Una entre miles de barbaridades perpetradas por ambos bandos en esta guerra. The Economist le asigna a Colombia el más elevado índice de violencia en América Latina y el puesto 130 entre 140 países en el mundo. A pesar de la seguridad democrática. O quizá como secuela de ella, según lo sugiere (a otro nivel, claro) la rudeza del lenguaje del Ministro Palacio hacia supuestos conspiradores que complotan contra el Presidente, su política y su gobierno. Guerrilleros, narcos, políticos de la vieja guardia y “extremistas de izquierda”, todos a una y en el mismo saco, atentarían contra la democracia. Tono de  McArthur en la ominosa década de los 50 en EE UU y de los dictadores del continente por las mismas calendas, que movería a risa si no fuera porque hoy en Colombia sindicaciones de esa laya formuladas desde el poder  pueden significar la muerte. Modérese el Ministro, no sea que la intemperancia de su defensa en el yidisgate desdore los avances en la lucha contra las Farc.

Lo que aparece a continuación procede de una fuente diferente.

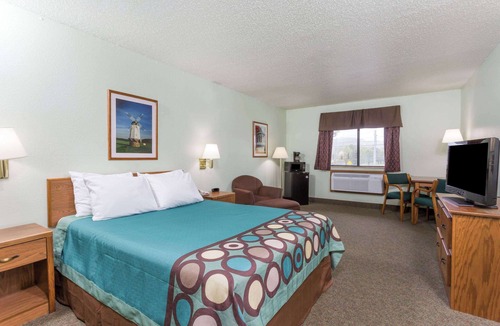 Gallipolis Ferry Hotel | Super 8 by Wyndham Gallipolis Pt Pleasant Area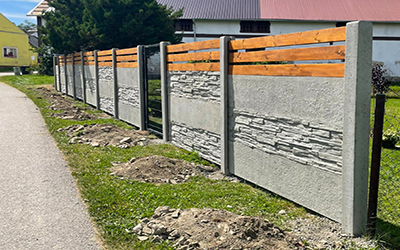 Kombinace různých materiálů v jednom oplocení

Salvadas las pendencias del gobierno y el revanchismo de una sociedad que conspira  contra la mujer, Karina simboliza la sima de la degradación de la  guerrilla. No nació la insurgencia para ejecutar inocentes, ni para asaltar poblados inermes, ni para secuestrar, ni para traficar con drogas. Marulanda  echó para el monte, joven aún, para vengar el asesinato de su familia en épocas de la violencia.  Con el bombardeo de Marquetalia, El Pato y Guayabero, pasó de guerrillero liberal a comunista y su proyecto fue entonces, como en el resto del subcontinente, el derrocamiento de un poder que perpetuaba inequidades intolerables y una democracia de mentirijillas. Corrían los tiempos de la guerra fría. China, la Unión Soviética, Cuba, sembraron guerrillas por doquier y los ejércitos hicieron guerra de contrainsurgencia. En vez de contienda atómica, las grandes potencias se disputaron el mundo en patio ajeno, a  manera de conflictos de baja intensidad. Guerrillas comunistas sólo sobrevivieron  en Colombia, único país donde no  fructificó una reforma agraria.

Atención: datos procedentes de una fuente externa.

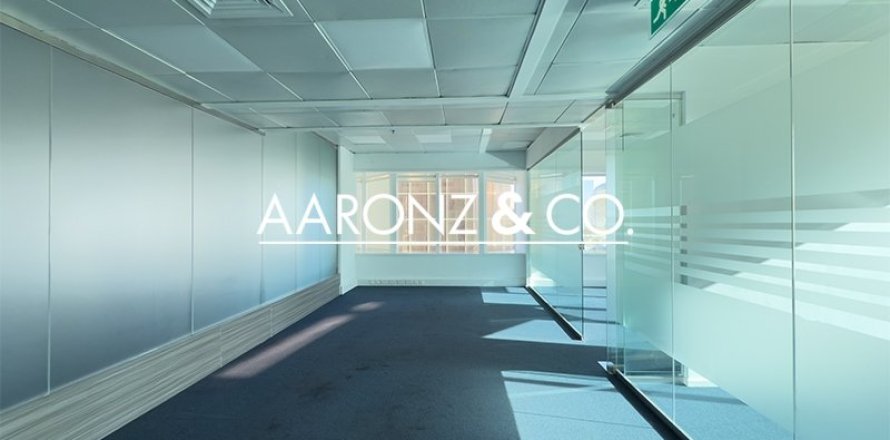 372مربع، مكتب في Sheikh Zayed Road, الإمارات العربية المتحدة رقم 132754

Abandonaban aquí los estudiantes las aulas y muchos campesinos su parcela para empuñar las armas. Pero la revolución se volvió religión. Dos géneros de intolerancia convergieron para cerrarle toda opción a la izquierda legal: la terquedad de una oligarquía  hirsuta petrificada en la Colonia; y el totalitarismo de Moscú, Pekín y La Habana, que  importamos como obsesión por la lucha armada. La derecha pudo así monopolizar todo el campo de la política. Hasta cuando la guerrilla urbana, el M-19, se desmovilizó, en 1990, y se integró a una izquierda democrática que abre futuro: el Polo.

Karina es el epílogo melancólico de una guerrilla que sucumbió al narcotráfico,  la guerra sucia y un espíritu belicista que todo lo contagió. Esta semana, el  Presidente mismo instaba a la jefa del Congreso dizque a ponerse las charreteras y dar garrocha. Como si no bastara con las Karinas y sus hombres para inundar de lágrimas a este pobre país.